Sane and City in cruise control

Manchester City 5-0 Crystal Palace

Manchester City’s Raheem Sterling scores his side’s second goal past Wayne Hennessey. Photo: Getty

Jamie Jackson

The Manchester City show rolls on. This fifth win of the Premier League season took the tally to 21 goals and added a fourth clean sheet to a formidable start from Pep Guardiola's men.

It was a duck-shoot at times as Crystal Palace provided easy prey and the south London side's search for a first goal of the campaign continues. They have now lost all six of their opening games. This equals Portsmouth's dubious feat at the beginning of the 2009-'10 term, and if Roy Hodgson's side go down next week they equal Pompey's mark of seven straight losses overall.

The bad news for the Eagles is that Manchester United are up next but City will hardly care about that. What did annoy Guardiola was Neil Swarbrick's failure to give a penalty after Timothy Fosu-Mensah pulled down the excellent Leroy Sane. However, when Sergio Aguero headed home for the fourth a few seconds afterwards, the smile returned to the Catalan manager.

As expected, City were a blue swarm from kick-off. Guardiola's team won a series of corners which drew them ever closer to registering. The third of these was driven in off Kevin De Bruyne's boot from the right. Nicolas Otamendi connected cleanly and smacked Luka Milivojevic. The ball came to Fernandinho and he hit as ferocious a shot that Wayne Hennessey beat away. Now, Aguero took a turn to try and finish the job but the ball was scrambled away.

Sergio Aguero of Manchester City celebrates scoring his sides first goal. Photo: Jan Kruger/Getty Images

Palace lined up in a 4-5-1 that had Christian Benteke at the tip and Reuben Loftus-Cheek as the midfielder with most licence to get forward quick. The former Chelsea man came close to upsetting the expected form by dancing inside from the left and beating Ederson but not the goalkeeper's right post. Loftus-Cheek was later guilty of a glaring miss when a run took him deep into City's area.

Aguero was also culpable of wastefulness though his chance was harder. Sane surged along the left and cut the ball back but, on the edge of the six-yard box, it caught his Argentinian team-mate off-balance and he ballooned over. Later David Silva lobbed the ball on to the No 10's head but his effort lacked power. The Spaniard directed his own header over when Fernandinho crossed and, as the contest neared the interval, there was some frustration among the home crowd.

Now, though, came Sane's third goal in four days. The German fashioned a one-two with Silva that featured a lovely chip from the later and Sane did the rest. At times it had been attack-versus-defence, City camped in Palace's half and this was just reward for their superiority.

Guardiola made one change from the last league outing and when announced it was received as a surprise. Yet after his opener the dropping of Gabriel Jesus for Sane, who scored both goals in the mid-week Carabao Cup win at West Bromwich Albion, seemed smart.

Roy Hodgson, Manager of Crystal Palace looks on during the match.

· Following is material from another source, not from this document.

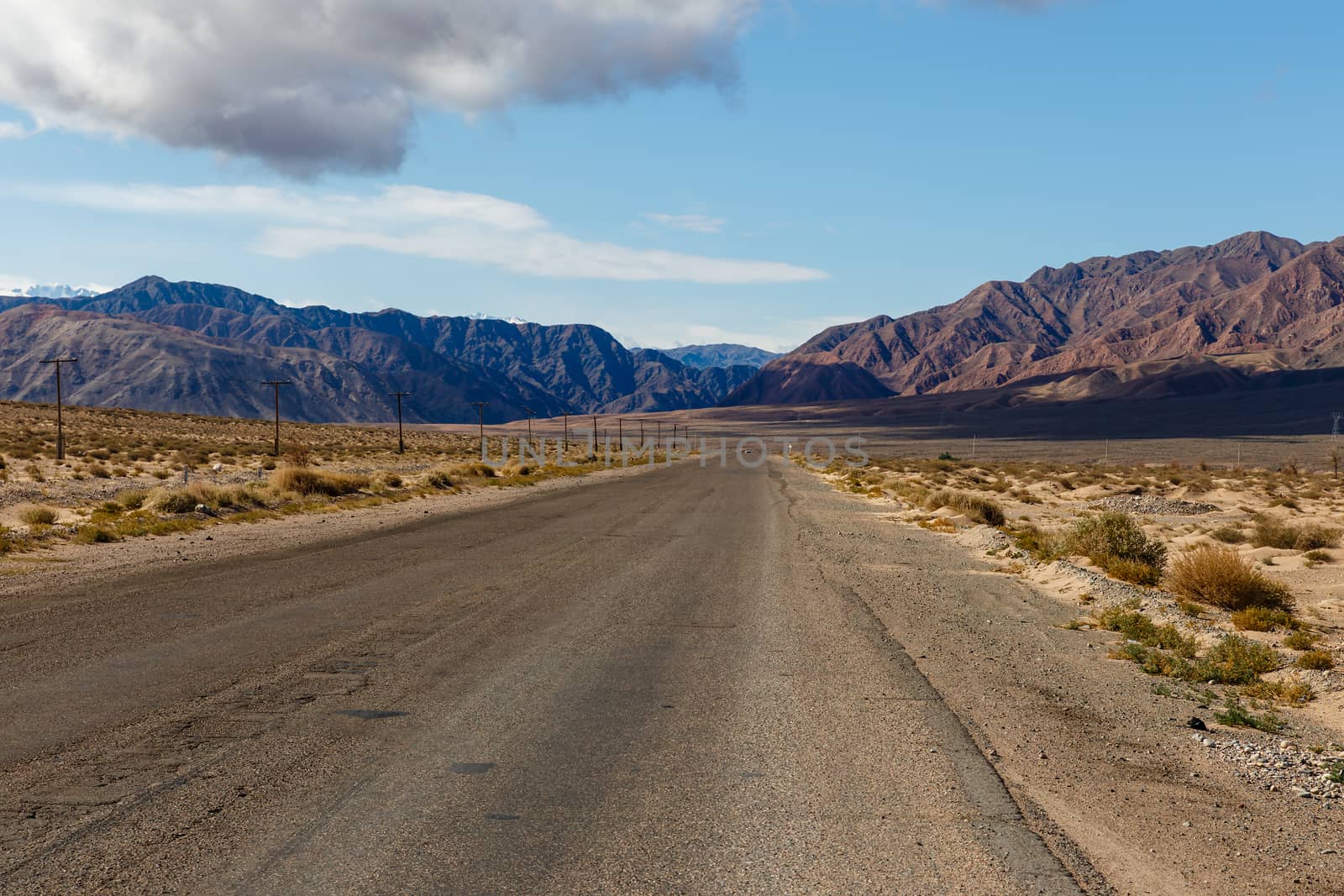 A 365 highway, passing in the Issyk-Kul Region, Kyrgyzstan by Mieszko9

Photo: Getty

By then City had lost Benjamin Mendy, the French left-back forced off in the 28th minute and replaced by Danilo.

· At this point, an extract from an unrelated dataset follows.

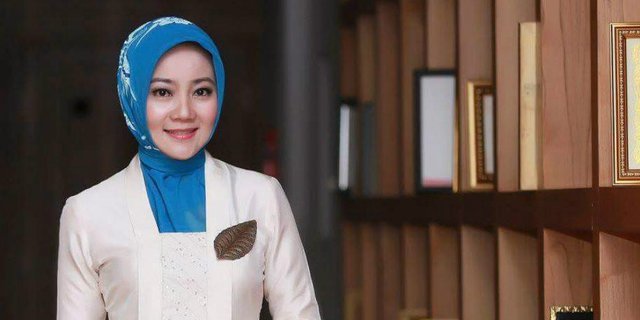 Wah, 'Bodyguard' Istri Ridwan Kamil Bikin Salah Fokus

Hodgson, meanwhile, had made three changes from his first match in charge, the last of the five previous league losses. Mamadou Sakho started for a first time while Patrick van Aanholt and Milivojevic were also included.

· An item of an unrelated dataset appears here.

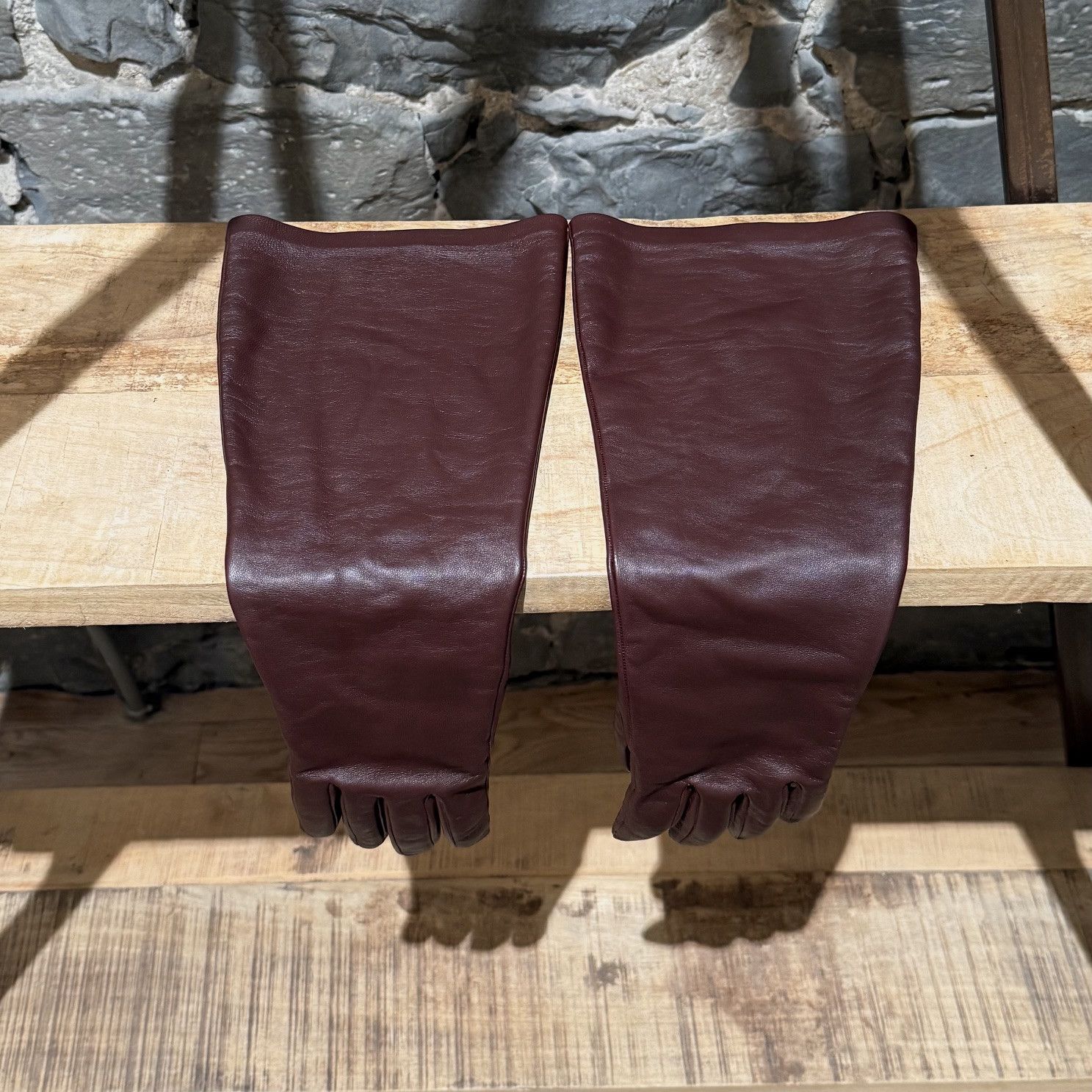 Yves Saint Laurent Saint Laurent Burgundy Leather Long Gloves - Size 7.5 Size ONE SIZE - 3 Thumbnail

As the second half kicked off, the Silva-Sane combo started up again as soon. Another percussive move switched ball between them and after Sane threatened, Fernandinho was able to shoot but to no avail. Sane, though, was about to turn creator as City moved up the gears. This was simple and slick: De Bruyne found Sane down the left and he pinged the ball past Sakho and in to Raheem Sterling and it was 2-0, the winger collecting a fourth goal of the season. Moments later he should have had a fifth. Hennessey spilled a De Bruyne shot into the lurking Sterling's path but he hit side-netting not the back of Hennessey's goal, and Palace escaped.

City's interplay now was delightful. Aguero went close after an exchange with Silva and Sterling. Guardiola has wanted more from Aguero and here he got it, the No 10's volley a neat short-range pass from which Sterling rolled home. This was the 22-year-old's final act. Guardiola paid him a compliment by taking him off on the hour to protect him for Shakhtar Donetsk's Champions League visit on Tuesday.

By the close it was all so familiar: Fabian Delph added the fifth as Palace became the latest patsies steam-rolled over by a City side that can be expected to improve. It is a frightening prospect.